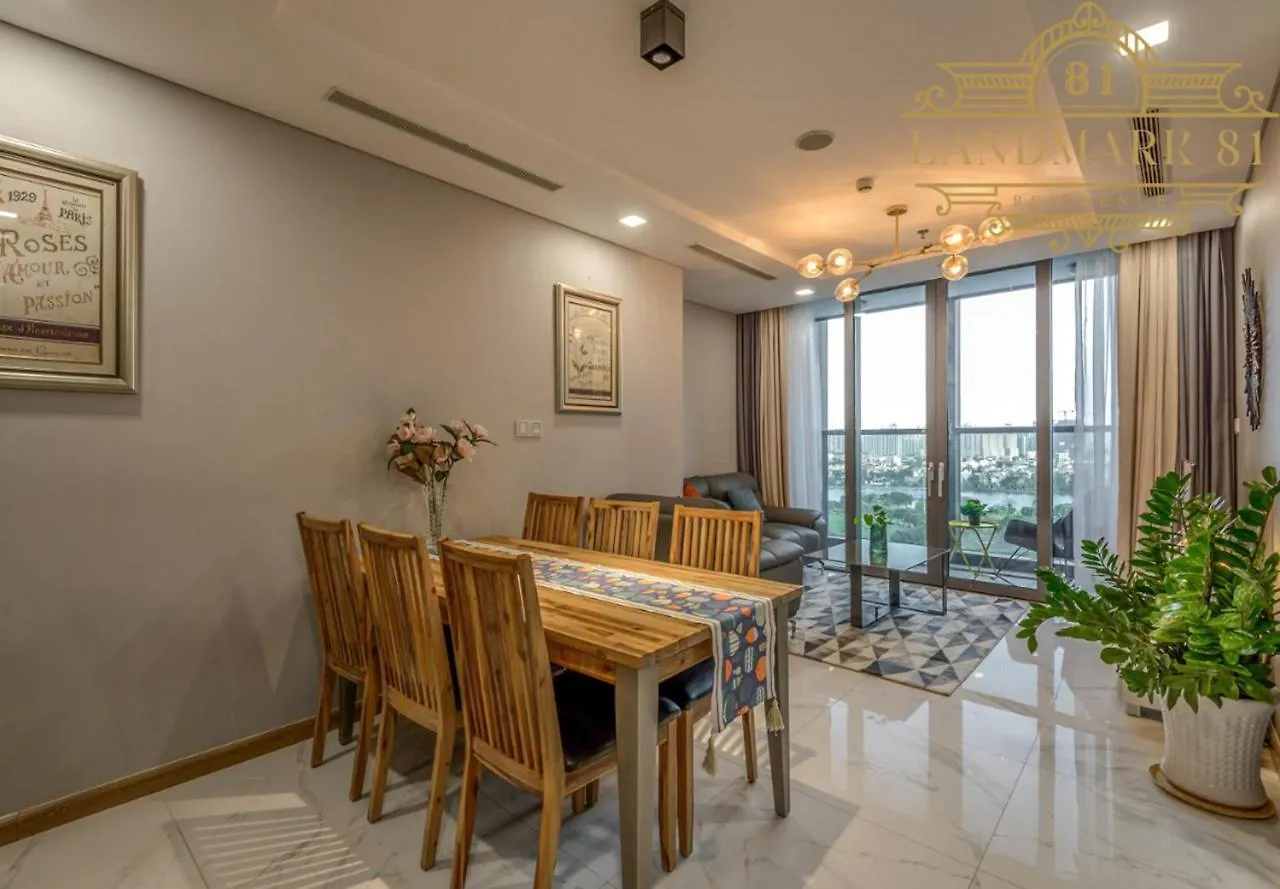 Landmark 81 Residence - Vinhomes Central Park Ho Chi Minh City Apartment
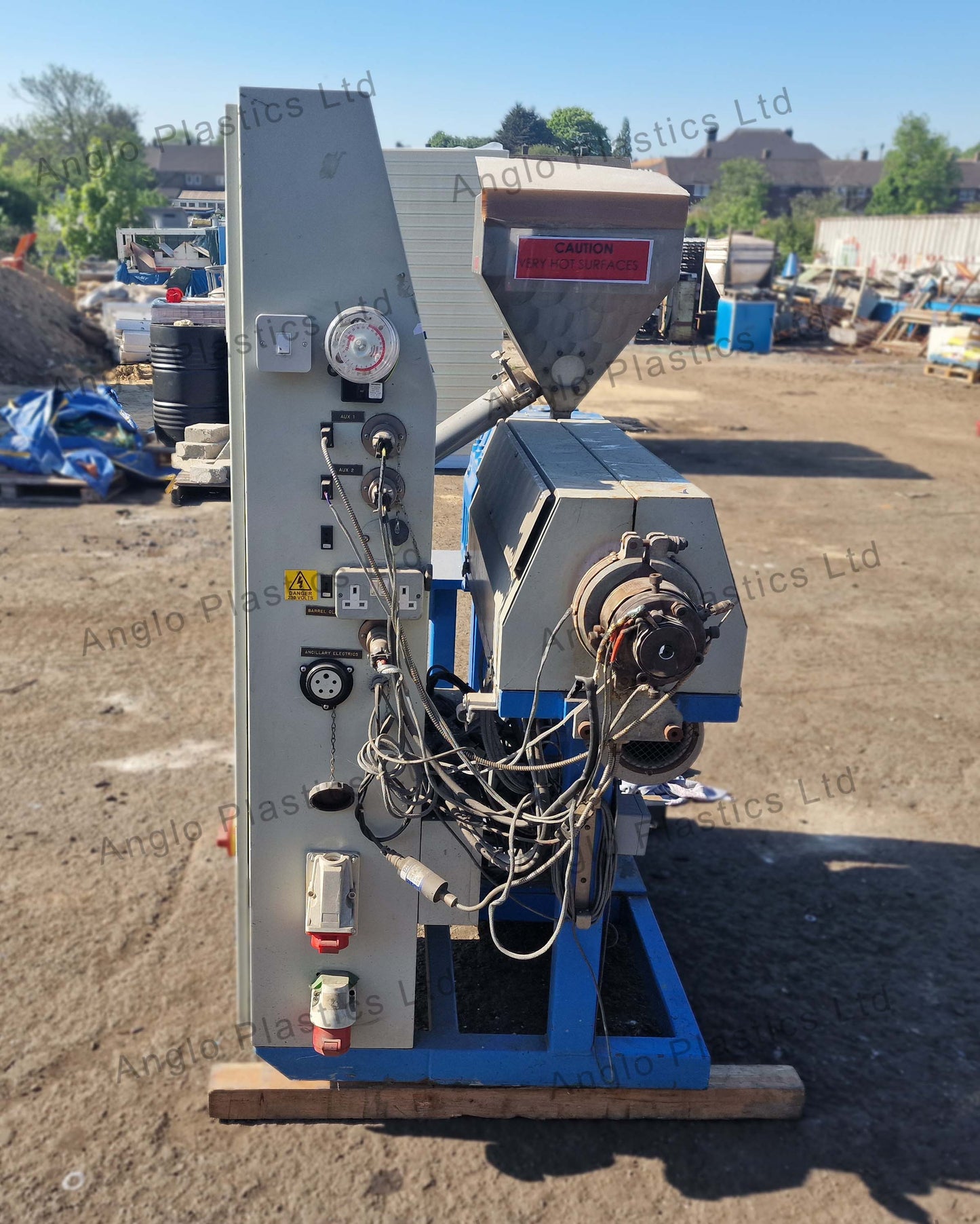 betol 38mm extrusion line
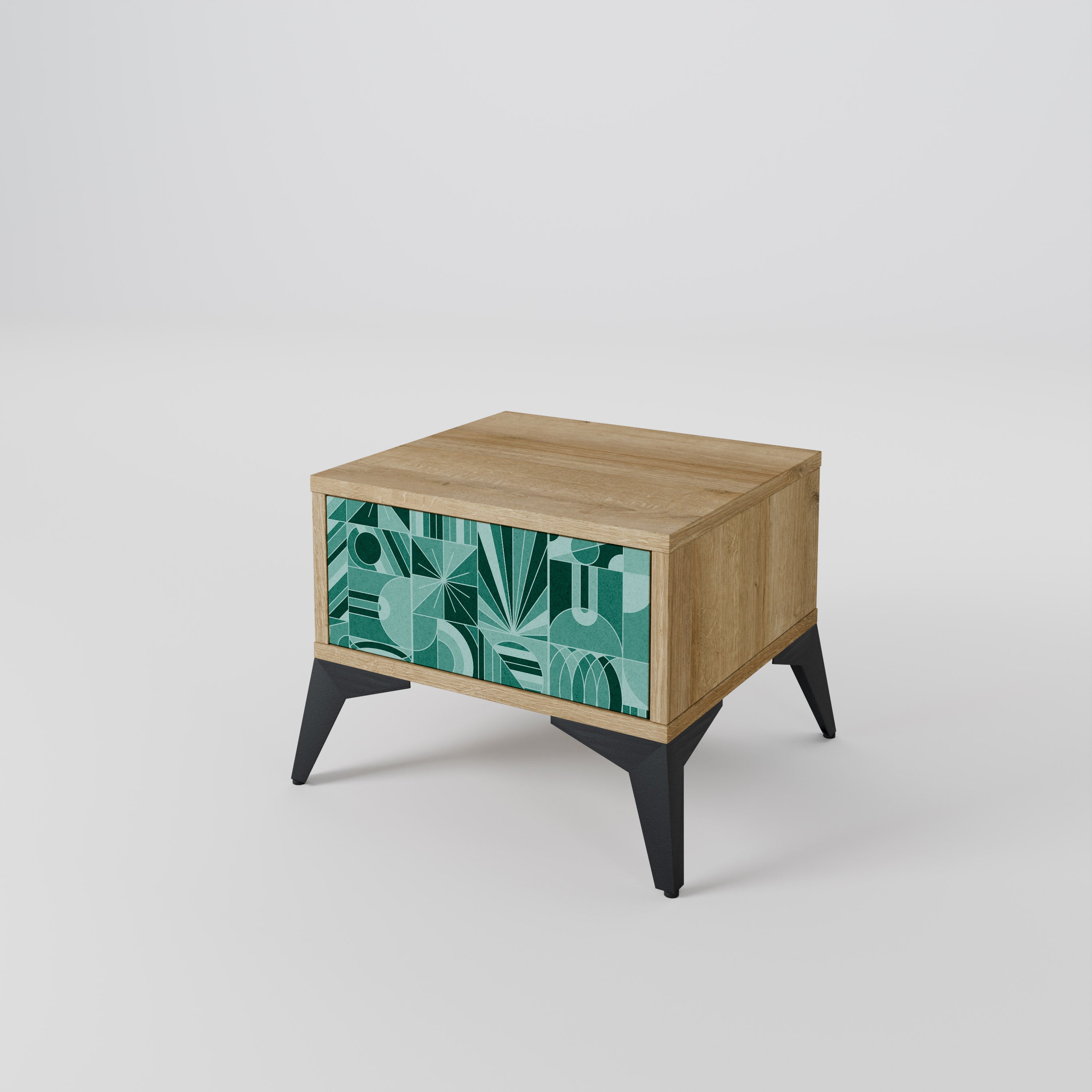 HARMONIC GRID Nightstand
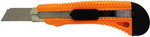 Нож с выдвижным лезвием Вихрь 18 мм пластиковый корпус металлическая направляющая 73/10/10/2 нож с выдвижным лезвием stanley 0 10 425 25 мм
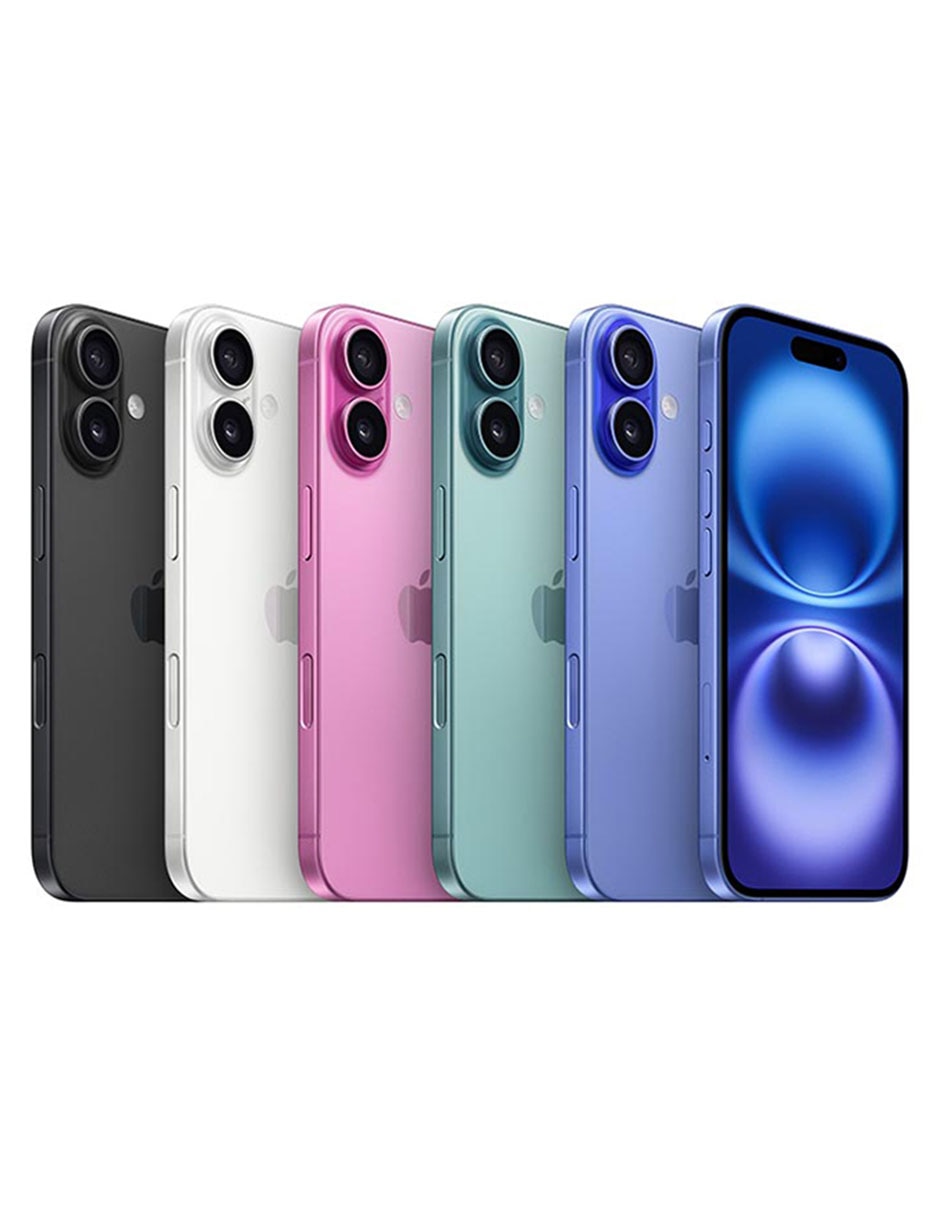 Apple iPhone 16 Plus 6.7 pulgadas Super Retina XDR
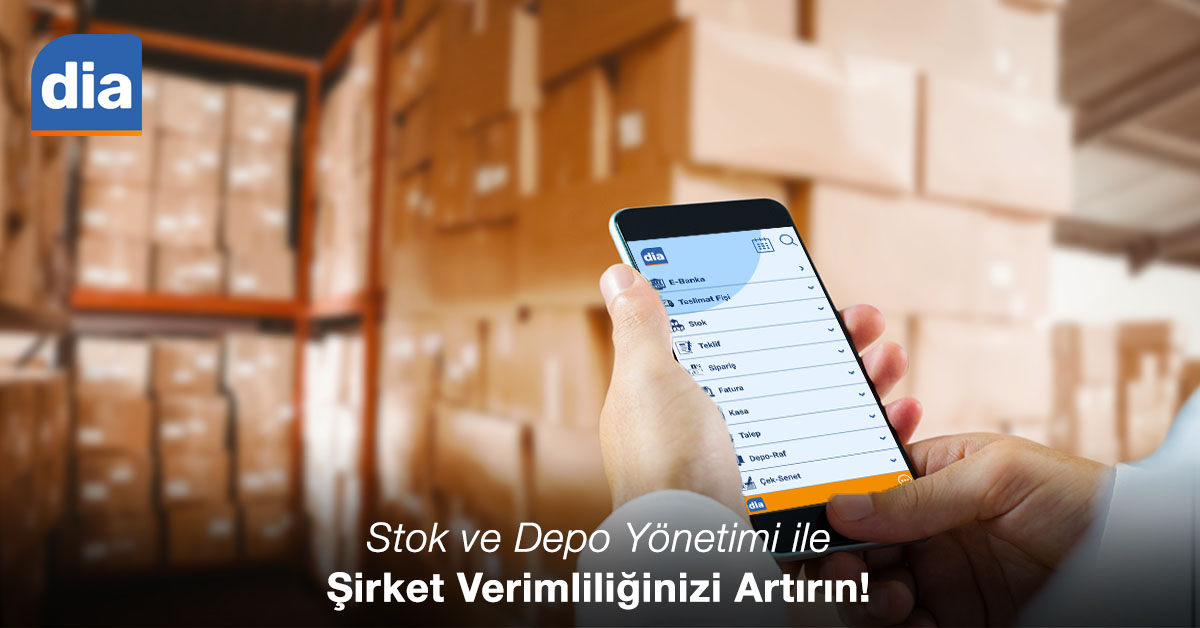 stok ve depo yonetimi ile sirket verimliliginizi artirin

####

YOUR INSTRUCTIONS: Retype the entries verbatim and drop the pictures.

FINISHED EXERCISE:
 Landmark 81 Residence - Vinhomes Central Park Ho Chi Minh City Apartment
 betol 38mm extrusion line
 HARMONIC GRID Nightstand
 Нож с выдвижным лезвием Вихрь 18 мм пластиковый корпус металлическая направляющая 73/10/10/2 нож с выдвижным лезвием stanley 0 10 425 25 мм
 Apple iPhone 16 Plus 6.7 pulgadas Super Retina XDR
 stok ve depo yonetimi ile sirket verimliliginizi artirin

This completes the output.